Music is Angel’s companion. She feels music as colours: she “loved the swirl of colours inside her. Thick and oily or gently splashed and tinted, depending of course on the particular musical composition, and she often wondered if an orchestra could play from a score of colours undulating across the page, flowing like streams of water and oil”.

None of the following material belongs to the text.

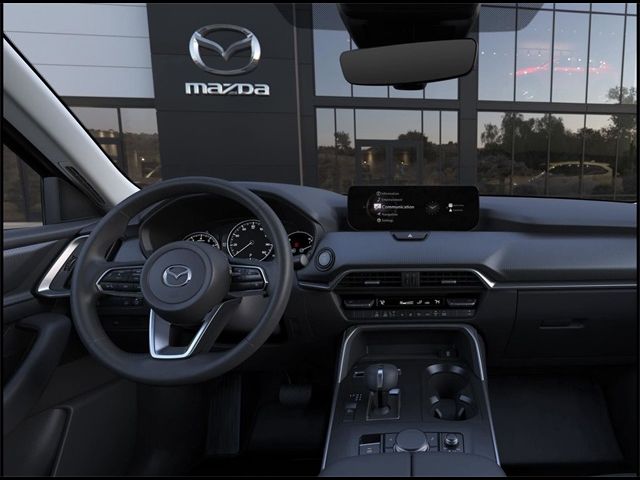 2025 Mazda CX-90 Select Package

She loves both the green gully where she is protected “beneath the tree canopies and serenity, sweet as a kiss, from the gentle flow of the creek” near the boarding house and the Mariana, her name for the vast parallel nation of the ocean. On a summer day Mariana is hard to leave “with her deep sea all glassy as far as the horizon, and white seahorses, all thrashing manes and tails and bored with a sea smooth as a rink, raged at the cliff’s bottom and climbed, one at a time, all seven of them, onto the rocks”. Angel plays on the rocks and names them, the tides and the swells. Nature is her sanctuary although she tries to find a safe place with people. She longs for family.

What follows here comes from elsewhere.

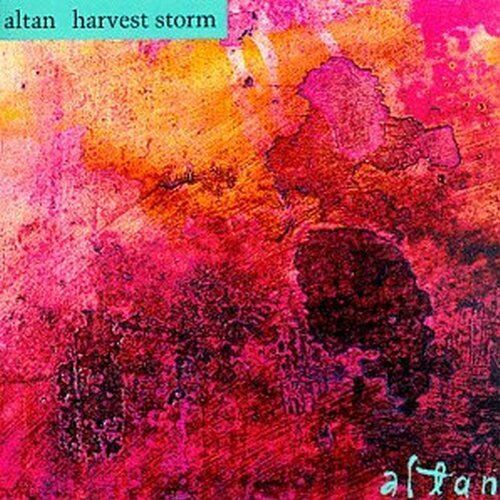 Altan - HARVEST STORM - Preis vom 09.10.2026 07:28:09 h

Angel rarely attends school and escapes to the Bay on Sundays, gradually inveigling her way inside the aunts’ house. She helps Aunt Elsa who lives downstairs and hears Aunt Clara’s ballet music from upstairs. Like a number of the females in The Aunts’ House, these women lack agency; they exist precariously at the whim of their deceased father’s lover who owns the house.
This is a beautifully written yet disturbing novel of madness and love. It is darkly captivating, brilliantly layered and full of secrets. Elizabeth Stead is a maestro.